Albert appears to suggest his sentence would not constitute cruel and unusual punishment if he were sentenced concurrently for crimes that occurred at the same location. This would result in a determinate sentence of 25 years for the Oasis Jewelry incident. For the pawnshop incident, the determinate sentence would be 10 years, plus a 25-to-life enhancement term pursuant to section 12022.53, subdivision (d). Combined, the sentences for the two sets of crimes would be 60 years to life, which would still exceed his life expectancy.
Albert also cites the Supreme Court's decision in Miller v. Alabama (2012) 132 S. Ct. 2455 in support of his request that we hold his sentence unconstitutional. Miller is inapposite because its holding applies only to juvenile offenders (id. at p. 2460), and such offenders are in a separate class and warrant different treatment from adult offenders. As Albert concedes, he was 30 years old at the time of the offense.
If Albert's crimes are considered individually, not one exceeds the penalty for murder committed with a firearm, which would result in a sentence of 50 years to life in prison. Albert's sentence is more lengthy than a murderer's because it is an aggregate sentence which results from a combination of factors: (1) Albert committed robberies on two separate occasions, each of which involved multiple victims; (2) he is a recidivist, which doubled the sentences for the underlying convictions and required the imposition of a five-year enhancement term pursuant to section 667, subdivision (a); and (3) he used a firearm in commission of the robberies.

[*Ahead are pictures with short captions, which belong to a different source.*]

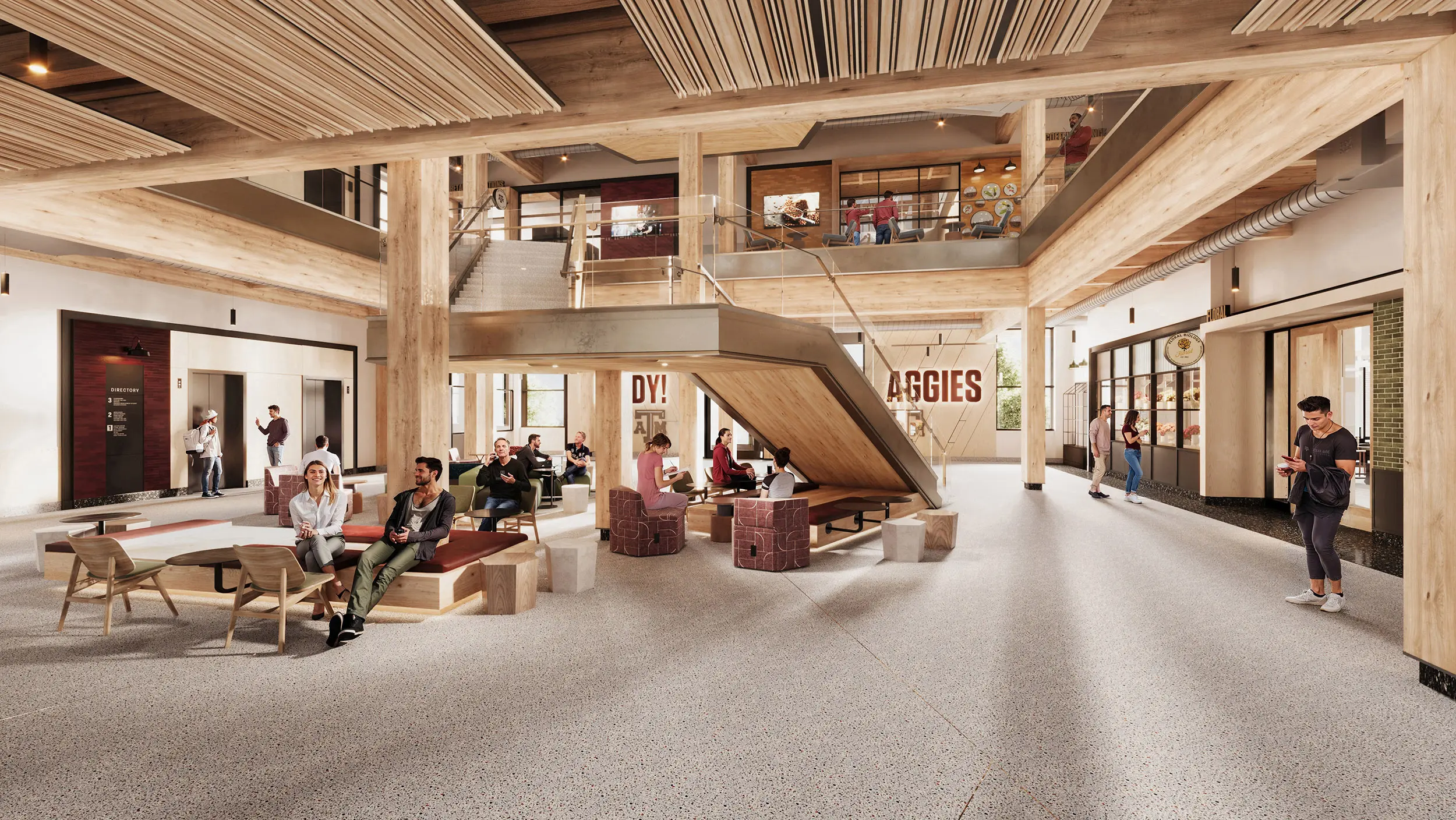 Interior rendering of the Aplin Center collaborative spaces, designed by DLR Group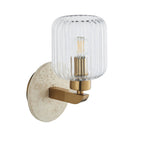 120668 Travi Ribbed Wall Light Beige Textured Marble, Vintage Brass & Clear Ribbed Glass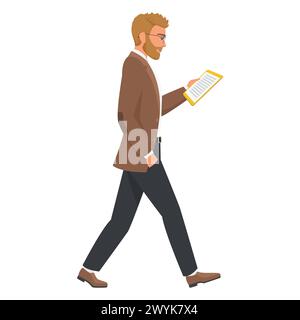 Teacher reading paper document, presentation on clipboard while walking vector illustration Stock Vector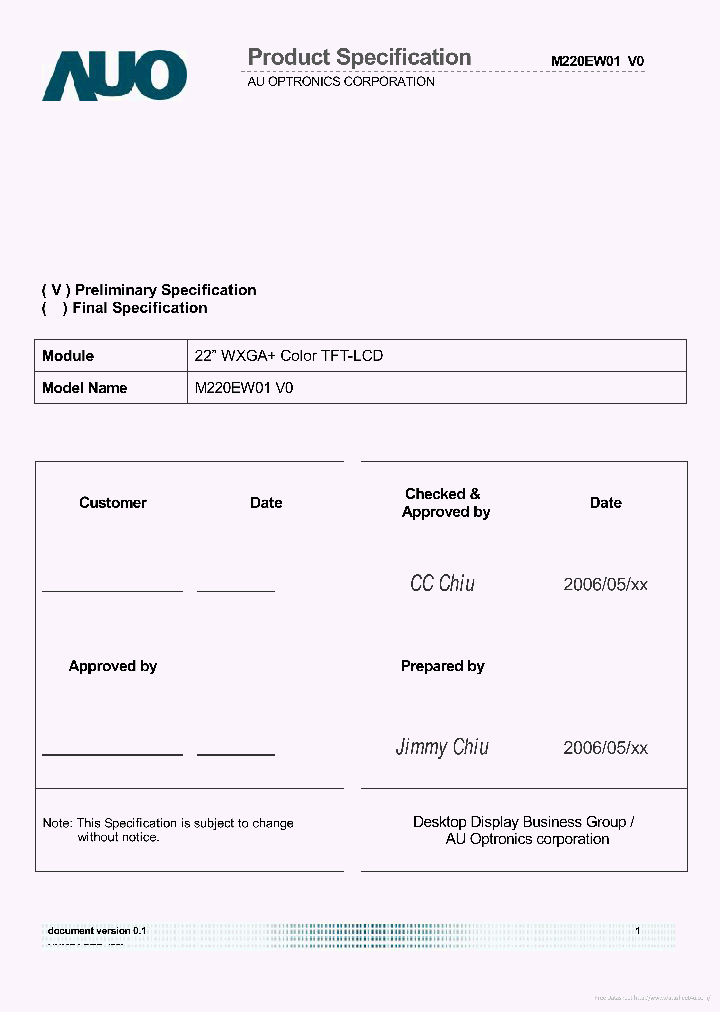 M220EW01-V0_7323454.PDF Datasheet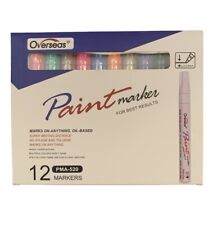 Oil Based Paint Marker Pen 12 CT Multi Color Permanent Overseas PMA-520 (4 Used) for sale  Shipping to South Africa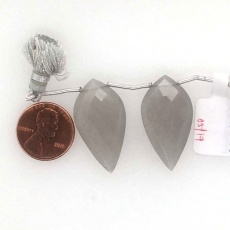 Grey Moonstone Drops Leaf Shape 30x16mm Drilled Beads Matching Pair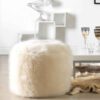 Soft Round Faux Fur Pouffe Model Khaz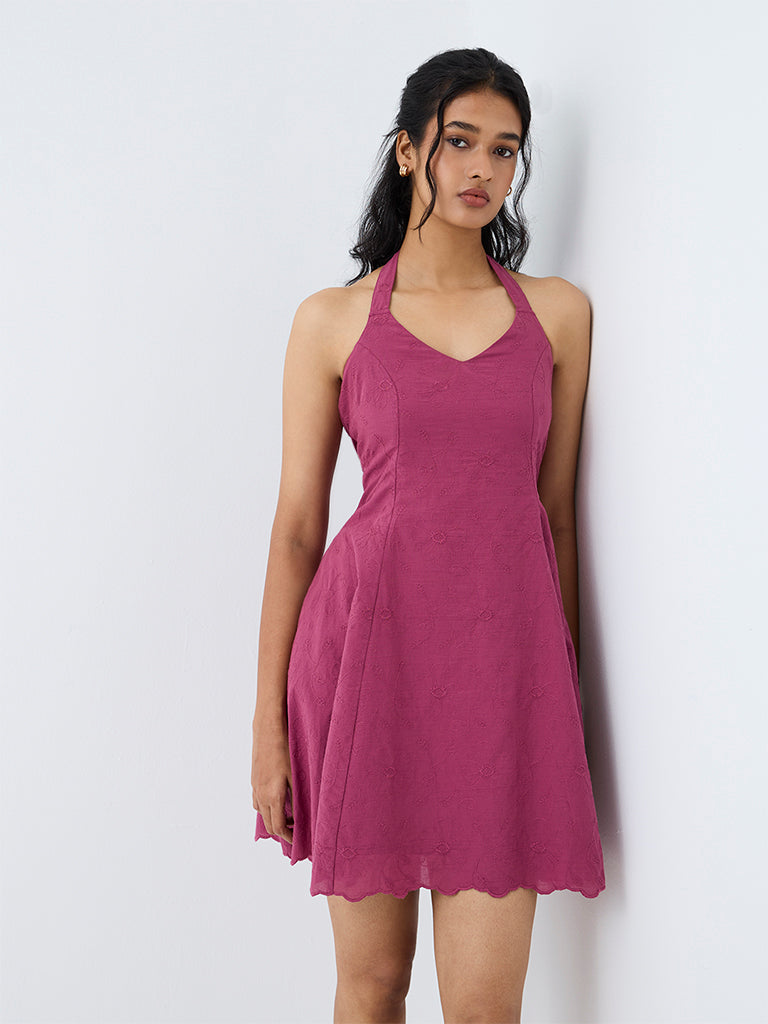 Bombay Paisley Magenta Floral Embroidered Cotton Fit-and-Flare Dress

The Supreme Court has rejected Eighth Amendment challenges to state statutory schemes providing increased punishment for recidivists. (See, e.g., Ewing v. California, supra, 538 U.S. 11; Rummel v. Estelle (1980) 445 U.S. 263, 268.)
G. Elizabeth's Request that We Construe Section 12022.53 to Forbid Vicarious Liability for Her
Elizabeth contends the imposition of six consecutive 25-year-to-life terms, totaling 150 years to life, is not commensurate with her culpability for aiding and abetting the robberies in which two people were seriously injured but no one died. She implores us construe section 12022.53, subdivisions (d) and (e)(1) in a manner to preclude a "de facto LWOP" sentence for a principal whose liability is completely vicarious. She proposes we interpret section 12022.53, subdivisions (d) and (e)(1) to require a finding that the vicariously liable principal exhibited reckless indifference to human life as a prerequisite to imposing more than one enhancement term pursuant to section 12022.53, subdivisions (d) and (e)(1).
We see no basis to so construe the statute. As Elizabeth acknowledges, the California Supreme Court has upheld the imposition of a 25-year-to-life enhancement term for a defendant who was not the shooter. (People v. Garcia (2002) 28 Cal.4th 1166 (Garcia).) Nothing in Garcia requires a showing of reckless indifference to human life by the vicariously liable defendant.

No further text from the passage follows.